There was no abuse, neglect, alcohol, drugs, nothing, no money withheld, no cheating, just a divorce with typical hard feelings.
So just another point of view from someone witnessing the fallout on people that really don't deserve it.
Good luck in whatever decision you make!


You're conflating two issues. Just because you cut off someone doesn't mean you can't attend the same events. I cut off my dad because of abuse yet we've been to a couple of the same weddings. If I come into contact with him, I will be civil but I will not engage with him.
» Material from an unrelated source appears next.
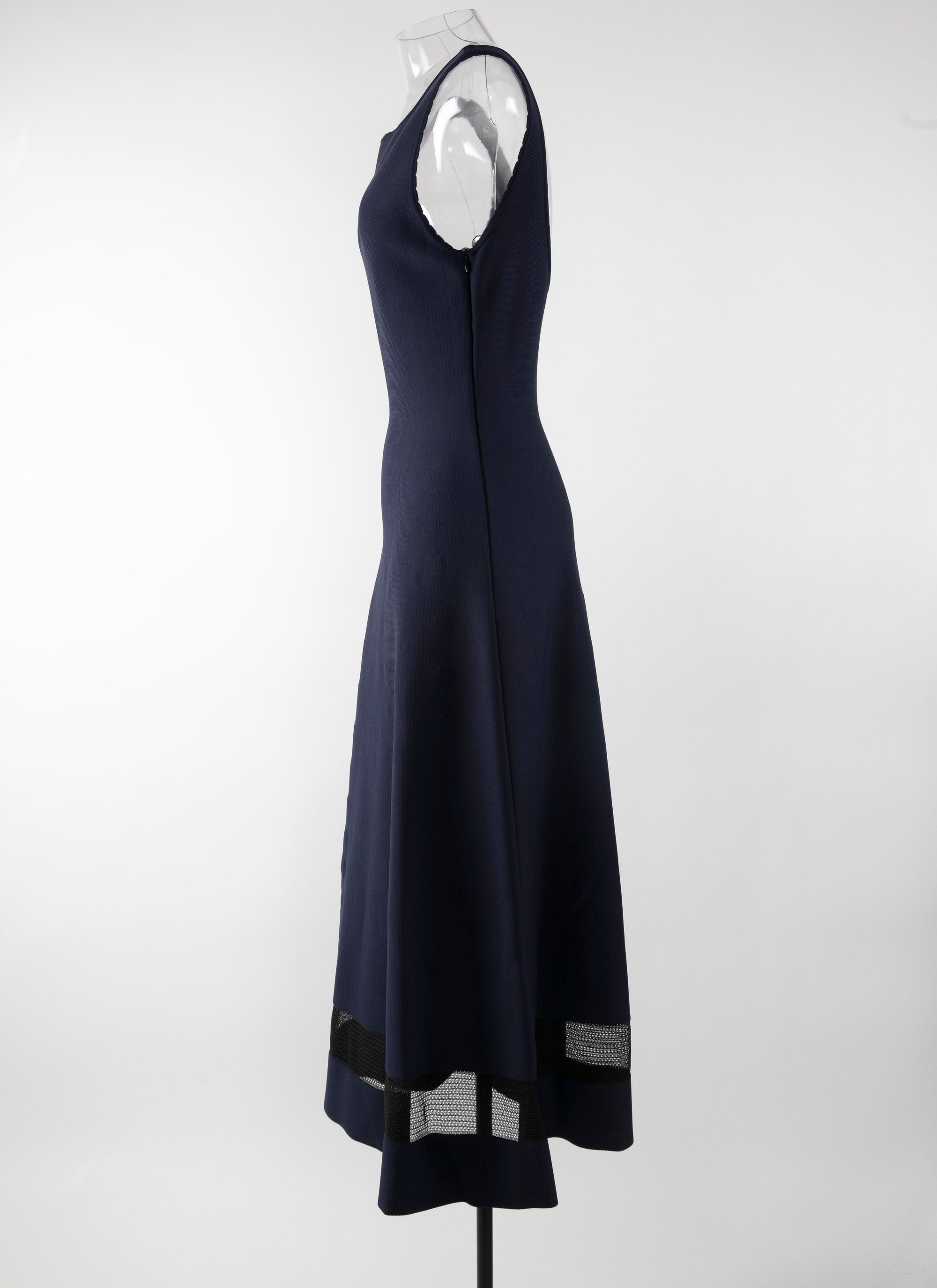 Mansart sleeveless knitted dress - Night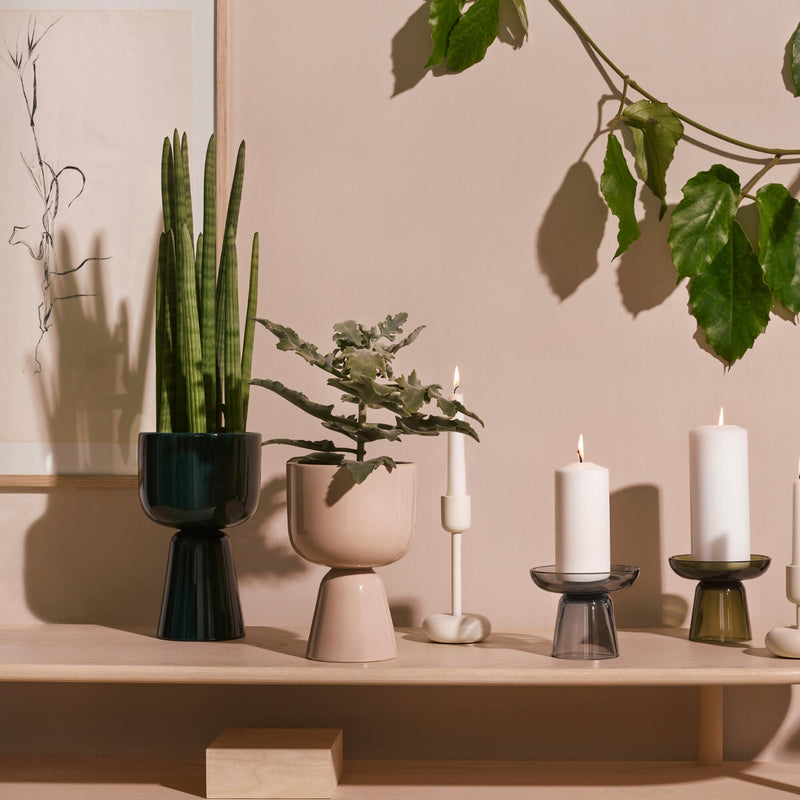 nappula plant pot Iittala NAPPULA Plant Pot in White, Brown, Dark Green and Beige Colors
I'm glad that you are able to do this. That would be wonderful. My sister will not and in the past when she has, it has made such a scene since not everyone knew and tried to sit them at the same table, the young grandkids were confused to find out they had the same grandfather (my sisters son heard them call my father Grandpa, someone else told him "that's your Grandpa too) and asked a ton of questions that were awkward to discuss in the middle of a wedding and not appropriate, and one of my aunts was so upset by the whole situation that she tried to talk to my sister about it and got an earful about how poisonous my father is, and began to cry.

Just my experience in this nightmare! Glad to know it is not like that for everyone.
Anonymous
I told my daughter the truth: that although her grandmother has done some nice things at times, she does a great deal of harm to many people. It's my job to protect my child from harm, so we don't have the grandmother in our lives.